In Japanese Patent Publication No. 52,982/82, there is disclosed a photoelectric measuring apparatus for use in the chemical analyzer, in which a light beam transmitted through a test liquid is made incident upon a grating and is divided into a plurality of light beams having different wavelengths and these light beams are received by a plurality of photoelectric converting elements, i.e., light receiving elements. In this known photoelectric measuring apparatus, the wavelengths of the light beams emanating from the grating have been previously set and could not be changed simply. Therefore, the photoelectric measuring apparatus could not be easily adopted to the change or increase of the test items to be analyzed as well as to the change or improvement of measuring methods, so that it is necessary to select from the light beams having the previously determined wavelengths a light beam having a wavelength which is closest to a required wavelength. This results in a decrease in the sensitivity and accuracy of measurement. This will be further explained in detail hereinbelow by way of an example.

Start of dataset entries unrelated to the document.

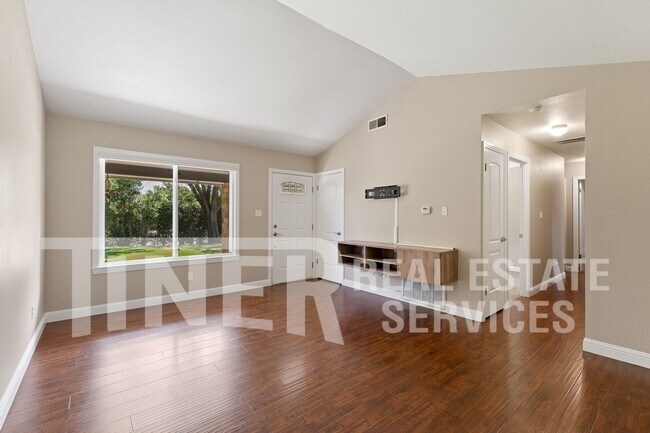 Building Photo - 8950 Salmon Falls Dr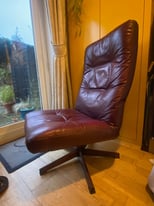 Vintage Retro Faux Leather Vinyl Swivel Chair - Project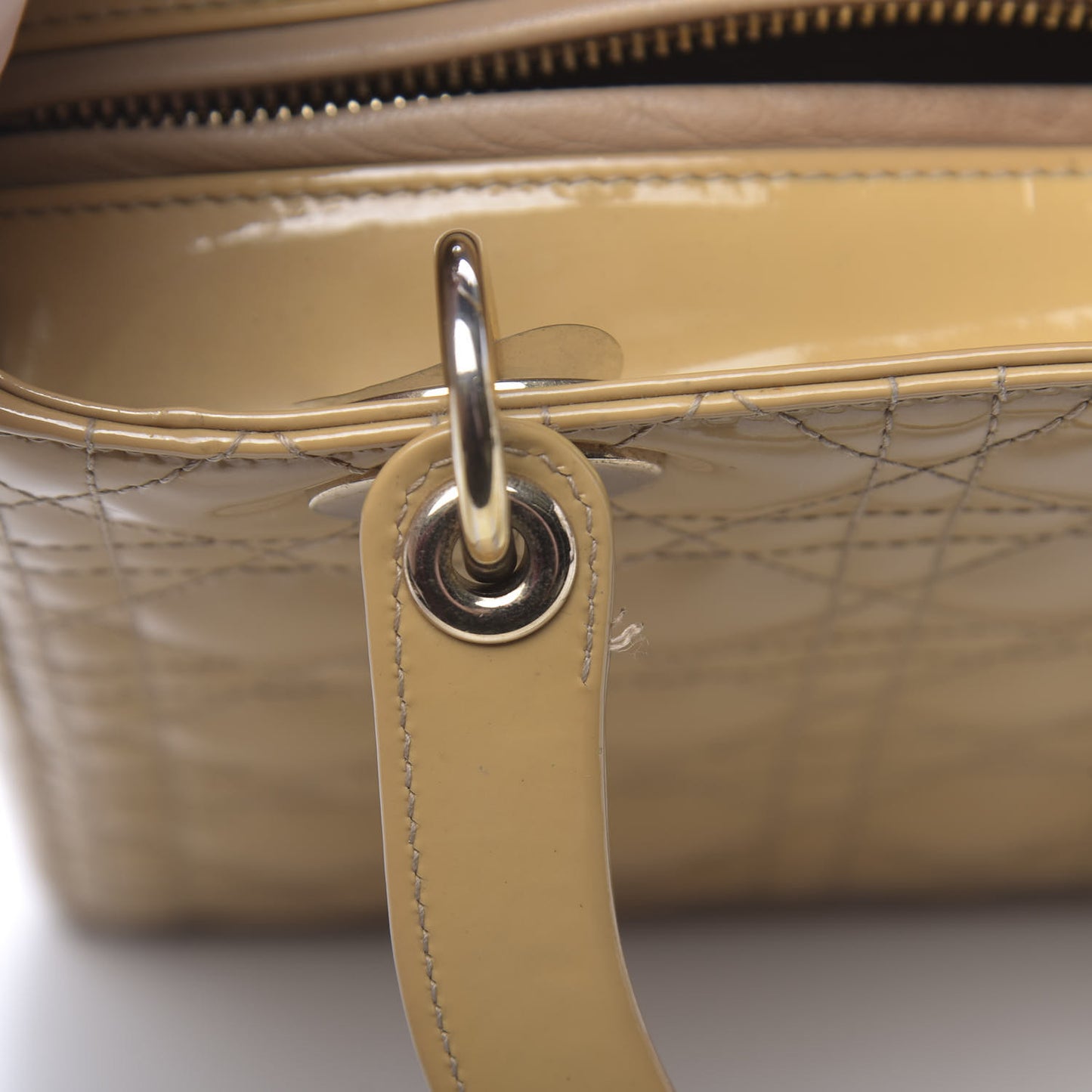 Patent Cannage Medium Lady Dior Beige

For instance, it is assumed that the measuring apparatus is designed to produce ten light beams having different wavelengths of 340, 380, 410, 480, 520, 540, 570, 600, 660 and 800 nm. When it is required to change the method of measuring serum iron from the TPTZ method having the maximum absorption at 600 nm as illustrated in FIG. 1 to the nitroso PSAP method having the maximum absorption at 750 nm shown in FIG. 2. In this case, since the photoelectric measuring apparatus does not generate the light beam having the wavelength of 750 nm, the PSAP method has to be carried out by using the light beam having the wavelength of 800 nm. Then, it is apparent that the measuring sensitivity is decreased by about 25% upon being compared with the case in which the standard wavelength of 750 nm is used. Therefore, the accuracy of the measurement is also decreased to a great extent.
In order to avoid the above mentioned drawback it may be considered that a larger number of light beams than those which are initially required are generated by the grating. However, this solution has another drawback that the number of light receiving elements becomes large and the photoelectric measuring apparatus is liable to be complicated in construction, large in size and expensive in cost.